» PROBLEM DESCRIPTION
Each record is to be printed again exactly, though not its pictures.

» TASK DATA

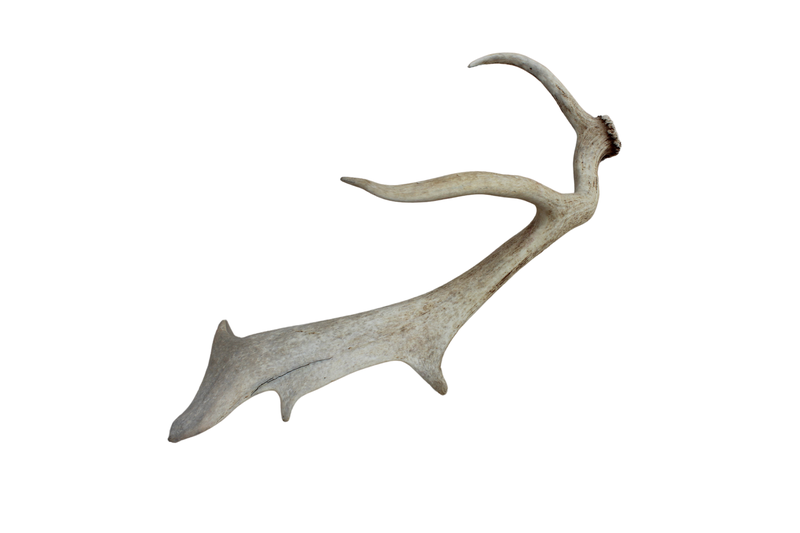 Shofar Factory - Fallow Deer Antler - Natural Decor Piece
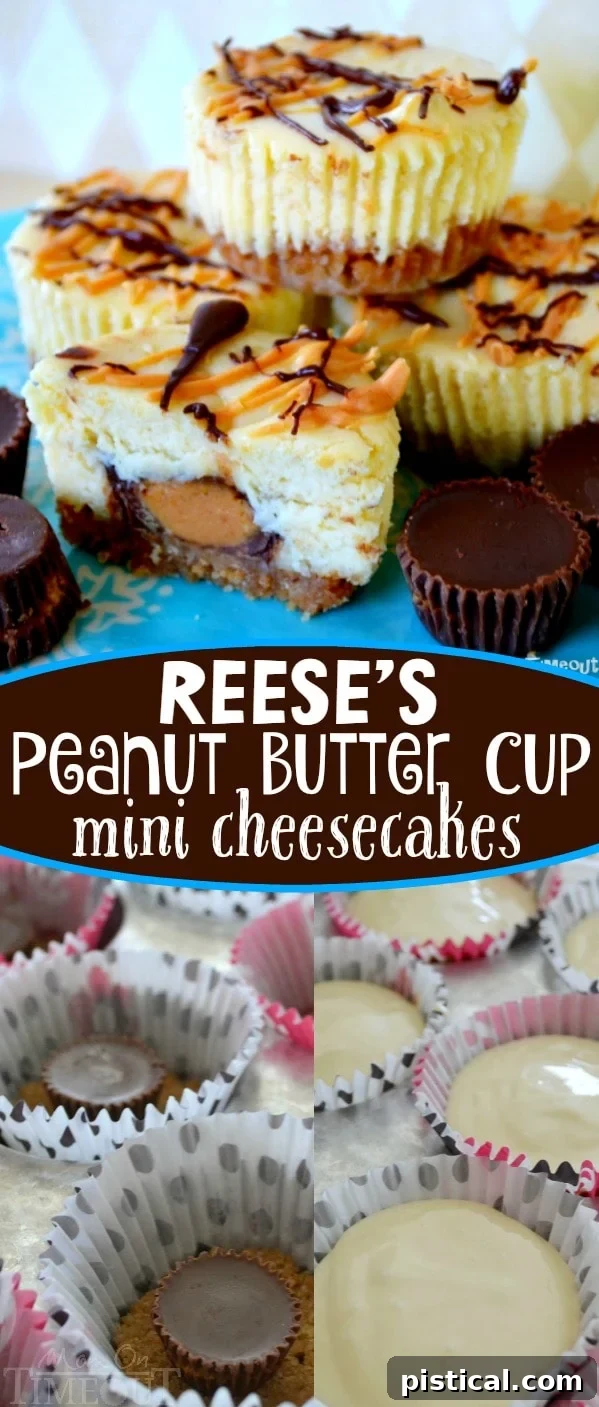 Delicious Reese's Peanut Butter Cup Mini Cheesecakes, perfect for any dessert table.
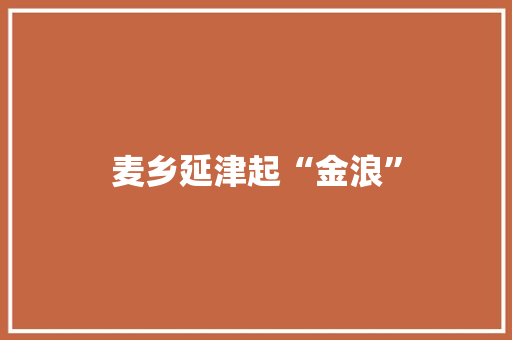 麦乡延津起“金浪”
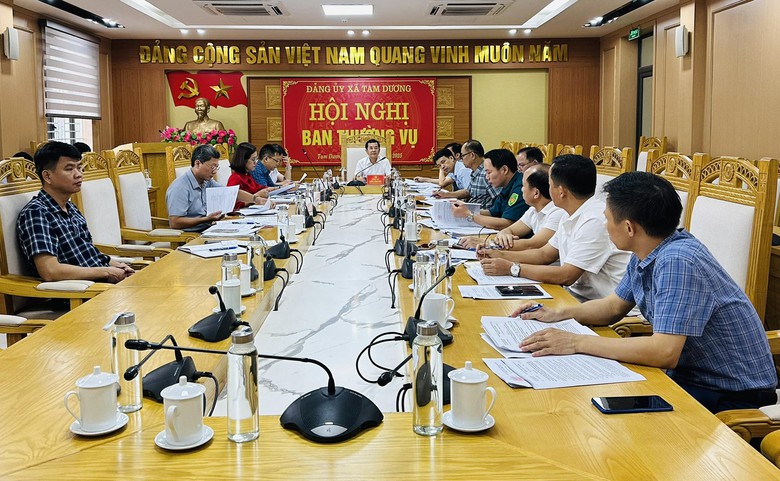 Ph&uacute; Thọ: X&atilde; Tam Dương x&acirc;y dựng Đảng vững mạnh, th&uacute;c đẩy ph&aacute;t triển to&agrave;n diện, bền vững- Ảnh 2.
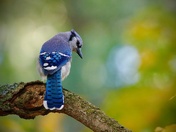 Blue Jay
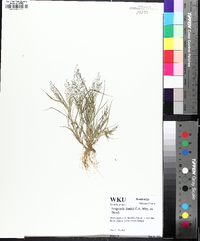 Eragrostis frankii image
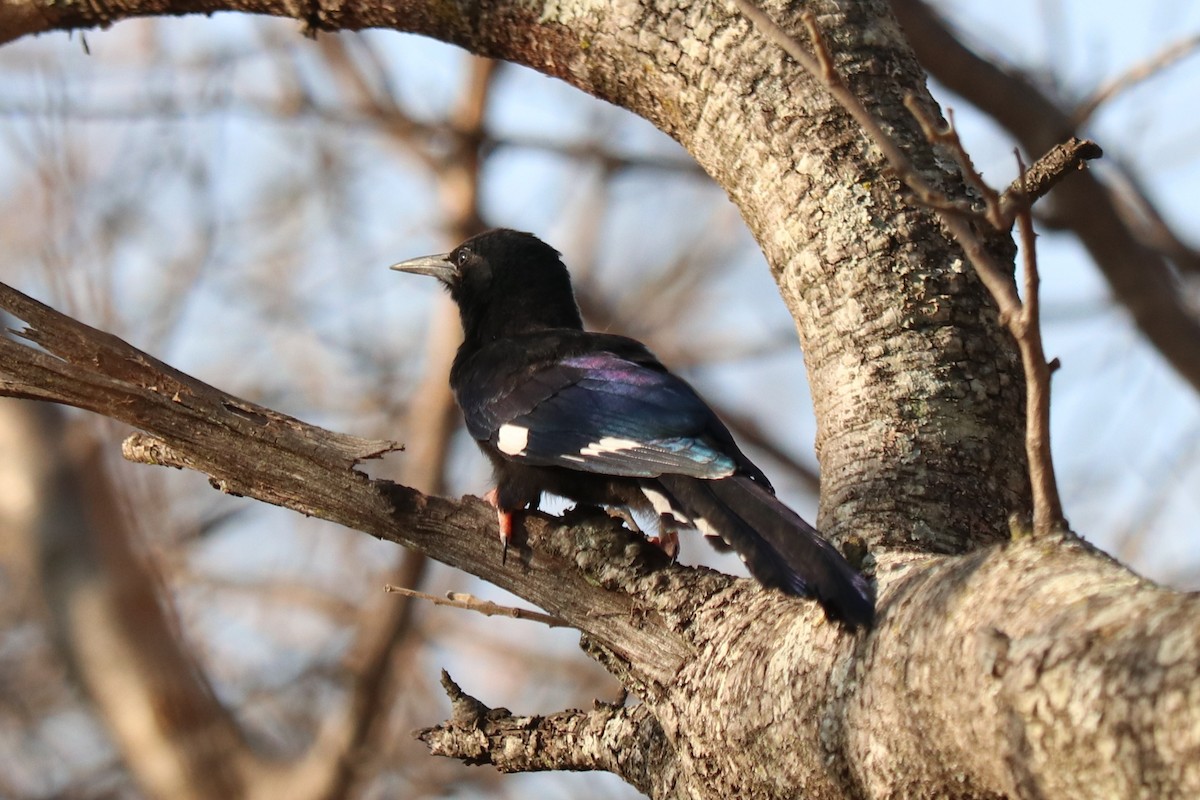Green Woodhoopoe - ML646253803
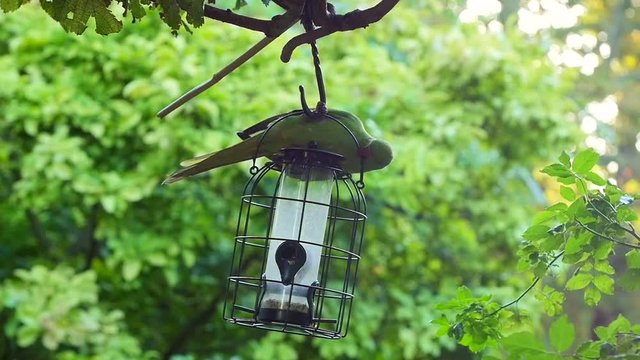 Green parrakeet getting food in nature slow motion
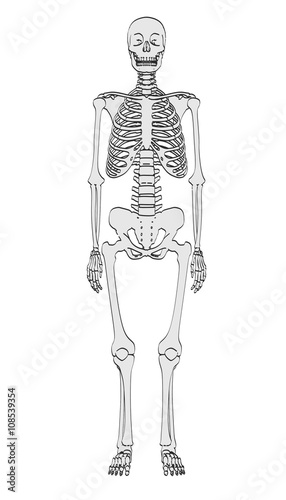 2d cartoon illustration of human skeleton © bescec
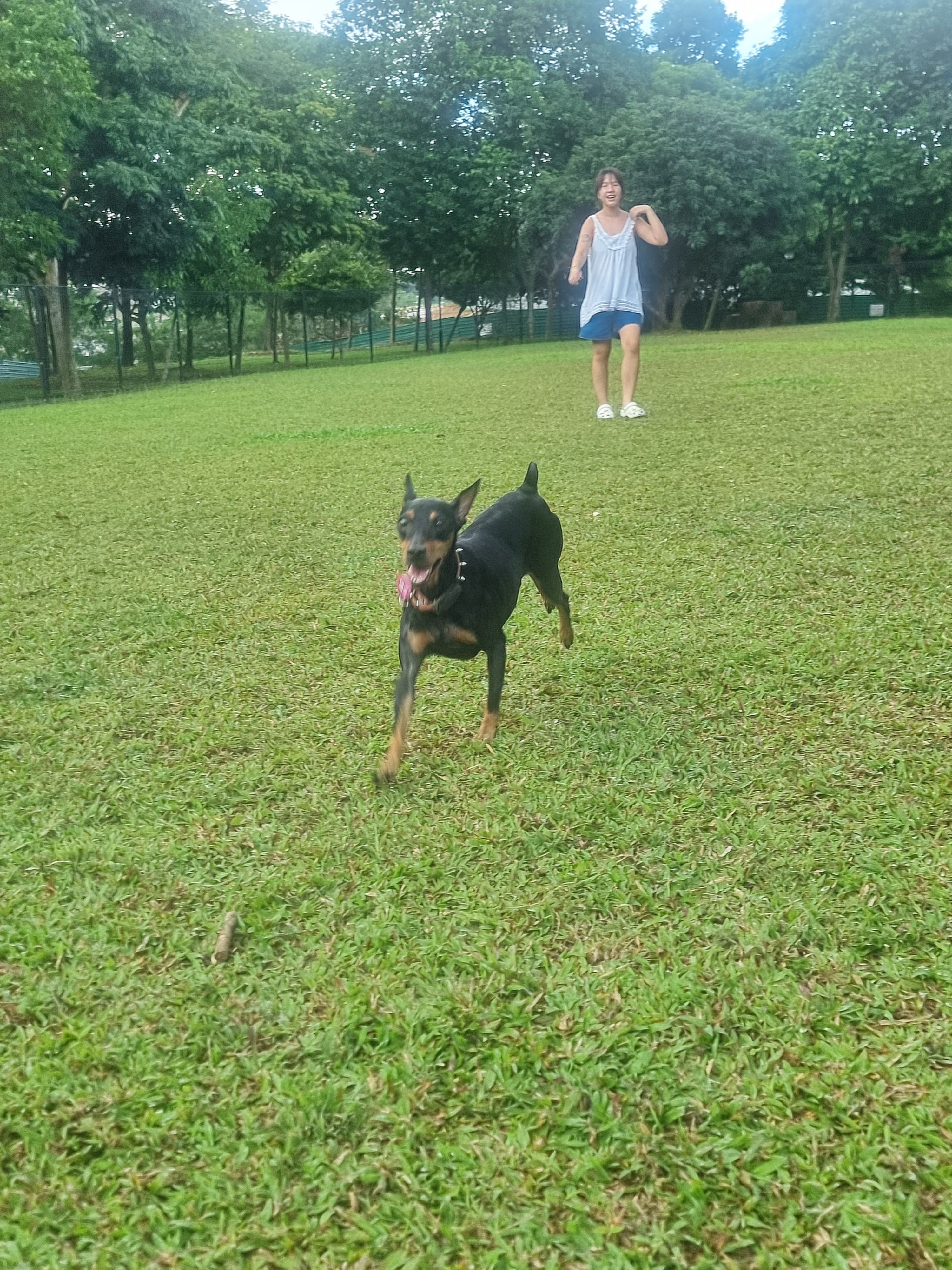 image-7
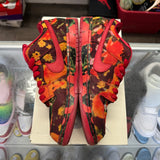 Nike The Wizard Of Oz Poppy Field SB Low Dunk Size 11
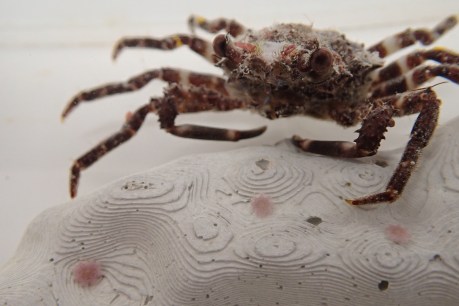 Pocket rocket: Why fate of the Great Barrier Reef could rest with this tiny crab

» ANSWER SECTION
 Shofar Factory - Fallow Deer Antler - Natural Decor Piece
 Delicious Reese's Peanut Butter Cup Mini Cheesecakes, perfect for any dessert table.
 麦乡延津起“金浪”
 Ph&uacute; Thọ: X&atilde; Tam Dương x&acirc;y dựng Đảng vững mạnh, th&uacute;c đẩy ph&aacute;t triển to&agrave;n diện, bền vững- Ảnh 2.
 Blue Jay
 Eragrostis frankii image
Green Woodhoopoe - ML646253803
 Green parrakeet getting food in nature slow motion
 2d cartoon illustration of human skeleton © bescec
 image-7
 Nike The Wizard Of Oz Poppy Field SB Low Dunk Size 11
 Pocket rocket: Why fate of the Great Barrier Reef could rest with this tiny crab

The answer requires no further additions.